IANN Monitor Installation using Helm Charts

Access to the OpenShift Cluster:
Verify that you have the necessary permissions to access and manage the target OpenShift cluster.
IANN Helm Package:
Ensure you have the Helm package required for deploying the IANN application.
Container Registry Access:
Obtain the credentials needed to access the container registry that hosts the IANN application images.
Access to the IANN Namespace:
Confirm that you have the appropriate permissions to create and manage resources within the designated namespace in the OpenShift cluster.

2.1 Platform Supported Model and Delivery

The IANN application can be deployed on the following platforms:
• RedHat OpenShift Container Platform 4.14
• IBM Cloud
• AWS Cloud
• Azure Cloud
• On-Premises Infrastructure

2.2 Versions

• IANN-agent-6.3.2
• IANN-UI-6.3.2

2.3 Download and Transfer the Helm Package

Start by downloading the IANN Helm package. Transfer the package to a Linux backend that has access to the OpenShift cluster where the deployment will take place. After transferring the package, extract it using the following command:

tar -xvf

2.4 Create a Namespace in OpenShift

Before making any modifications to the Helm charts, it is essential to create a dedicated namespace in the OpenShift cluster for the IANN application. Execute the following command to create the namespace: oc create namespace

2.5 Create an Image Pull Secret

Once the namespace has been created, the next step is to set up an image pull secret. This secret contains the necessary credentials to authenticate with the container registry and pull the required IANN images. Use the following command to create the secret:

oc create secret docker-registry <secret_name> \
–docker-server=<your-registry-server> \
–docker-username=<your-username> \
–docker-password=<your-password> \
-n <namespace>

By completing these steps, you ensure that the OpenShift cluster is properly configured to authenticate with the container registry during the deployment process.

3. Helm Charts Changes

To further customize the deployment, additional changes can be made to the Helm charts. Begin by opening the values.yaml file in a text editor of your choice on the Linux backend.

3.1 Secret file Configuration

In the root path of the Helm chart, there will be a file named “app-secret.yaml.” Here, we would add the passwords and keep them in secret.
Please provide the values that need to be kept in the values.yaml file.
The encrypt-elastic-password and encrypt-queueWatcher-password need to be encrypted from the file that has been shared with you.

• And apply the file by the command oc apply –f app-secret.yaml to get secrets created

3.2 Service Account Configuration Section

Give the service account name and keep RBAC as true for the permissions that will be applied to the service account.

3.3 Imagepull secret

imagePullSecrets: Refers to the secret used for pulling images from the container registry.
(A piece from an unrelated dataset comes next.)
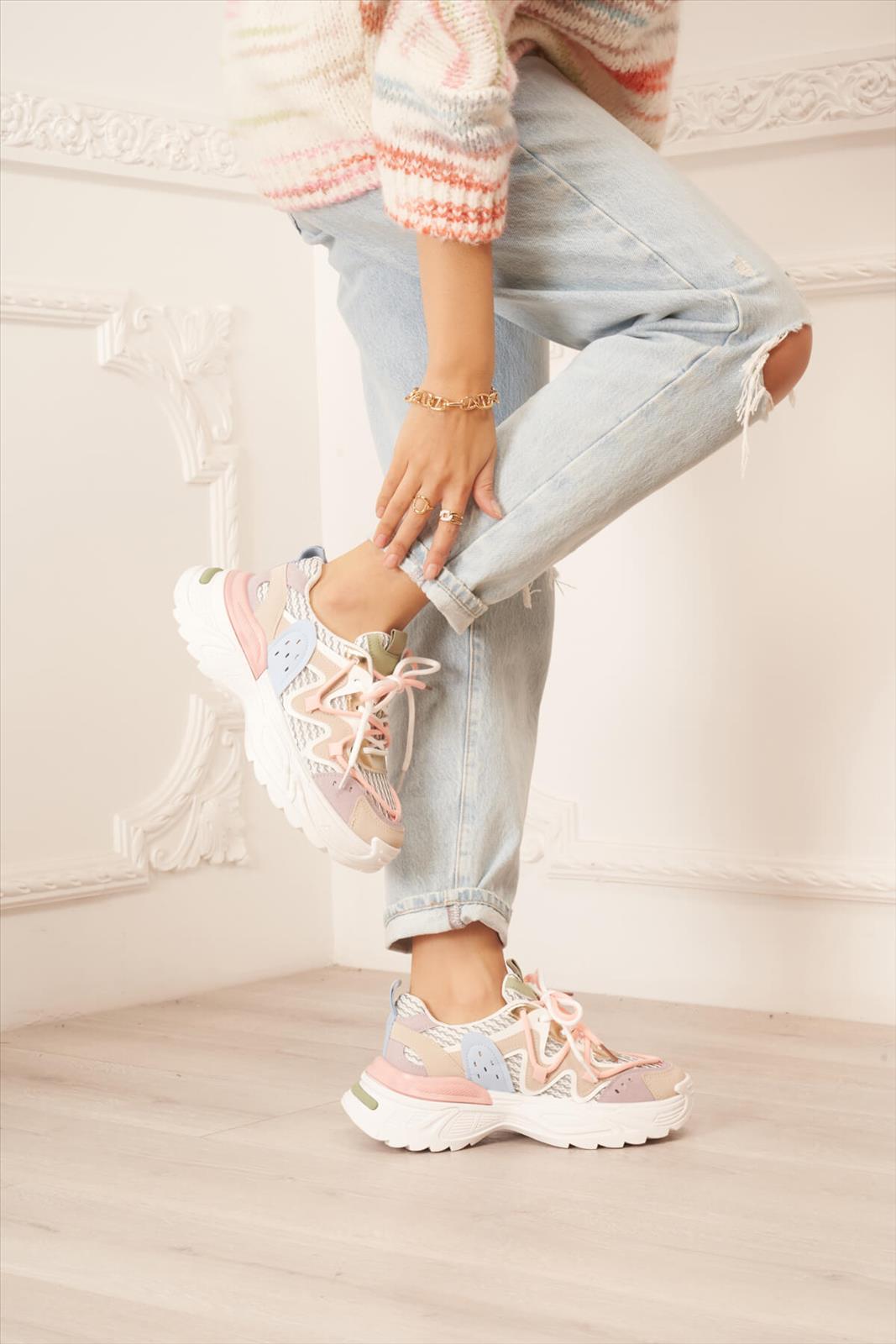 Freizeitschuhe/Sneakers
Replace the “test” with your actual secret name

3.4 Log Configuration Section

For storing logs give the storage class name and required storage size

3.5 Api Pod Configuration

• Give the agent image name, tag.
• Give hostname for the swagger URL. Default service port is 8080, you can change as required

3.6 Api pod resource configuration

Give the resource CPU and memory limits for API pod.

3.7 Database details

• Provide the DB details of the Sterling Integrator.
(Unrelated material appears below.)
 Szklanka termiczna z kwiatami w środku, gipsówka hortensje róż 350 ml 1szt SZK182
3.8 Elastic Search Configuration

Provide the Elasticsearch details such as URL, port, username, and secret name which contains the password.
Additionally, specify the index name, which must be unique.
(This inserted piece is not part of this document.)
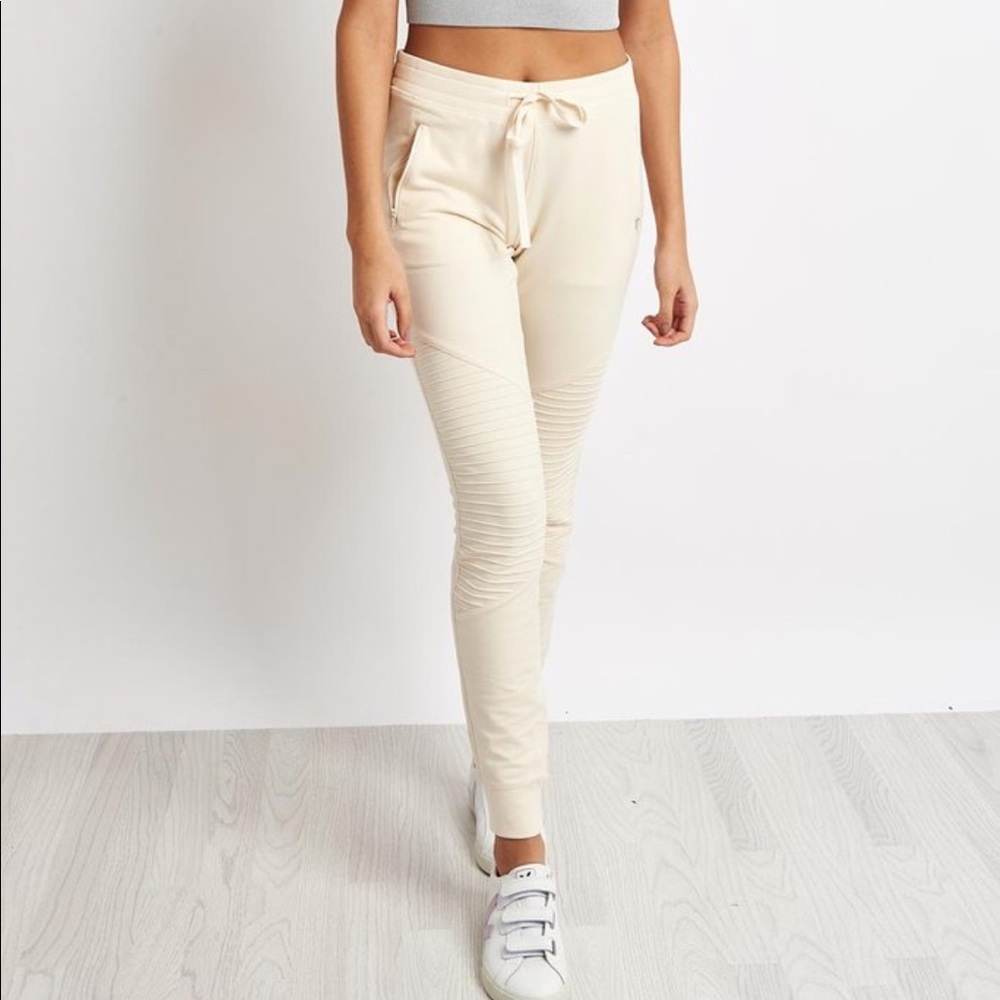NWT Alo Yoga Urban Moto Sweatpant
3.9 App data Configuration

To enable deployment of the appdata pod, set ‘enable’ to ‘true’ and specify the Beat configurations you want the appdata pod to monitor.
db_type: Specifies the DB type.
scheduled_seconds: Defines a default time interval (300 seconds) for scheduled tasks or operations.
Waiting_count_version: Set waiting count version to true if SI version is 6.2.0 for waiting counts, else false.
Halted_count_version: Set halted count version to true if SI version is 6.2.0, else false.
list: List of directories or file paths related to the application that need to be ignored while checking for mailbox depth.
service_list: A list of services that the application will monitor or interact with.
mailbox_long_running_morethan_mins: 30 – Tracks mailbox processes that have been running for more than 30 minutes.
adapter_list: A list of various adapters (e.g., REST Http Server Adapter, SMTP Send Adapter) used for different integrations or communication protocols.
schedulers_list: A list of scheduler jobs or tasks.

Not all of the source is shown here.